Il m'écœurait. Ce dont il avait besoin était une personne qui le ferait descendre de son piédestal. Le succès, le pouvoir lui montait à la tête. Il fallait qu'il redescende sur Terre par je ne sais quel moyen.
— Vous me voyez toujours comme votre ennemi ?
Il enjamba cette séparation et ses doigts retrouvèrent le contact de ma peau. Je fulminai. Ne pouvait-il pas garder ses mains dans ses poches ? Pour essayer d'oublier, je me focalisai sur cette vue panoramique, mais je ne pus empêcher à mes oreilles d'enregistrer cette voix.
— Nous aurons la réponse dans quelques jours, me révéla-t-il, d'ici là, tu...
À l'arrêt subit de sa phrase, je déviai mon attention sur son regard froncé fixant le profil de mon cou.

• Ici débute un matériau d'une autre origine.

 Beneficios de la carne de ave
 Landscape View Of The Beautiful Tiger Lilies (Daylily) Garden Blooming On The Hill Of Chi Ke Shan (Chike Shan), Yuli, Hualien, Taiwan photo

L'incompréhension marqua mon visage et immédiatement, je compris. Je m'échappai de cette caresse, me dépêchai de prendre mon sac sur le siège éloigné, prête à partir, et me forgeai une barrière en retroussant mes bras contre ma poitrine.
— Qui t'a fait ça ? s'énerva-t-il
Ses yeux translucides injectaient des éclairs dans ma cage thoracique. J'avalai ma salive et haussai les épaules.
— Pourquoi une telle réaction ? Qu'est-ce que ça peut vous faire ? répliquai-je
Je commençai à avoir beaucoup de mal à le comprendre. Il venait d'insinuer que je n'étais qu'une femme parmi tant d'autres, ou pire, une tueuse (ce qui n'était pas tout à fait faux), mais ce soudain élan de colère me faisait penser tout le contraire. Ce qui était ridicule.
— Tu voulais me prouver ton innocence. Alors, fais-le maintenant. Qui t'a fait ça ?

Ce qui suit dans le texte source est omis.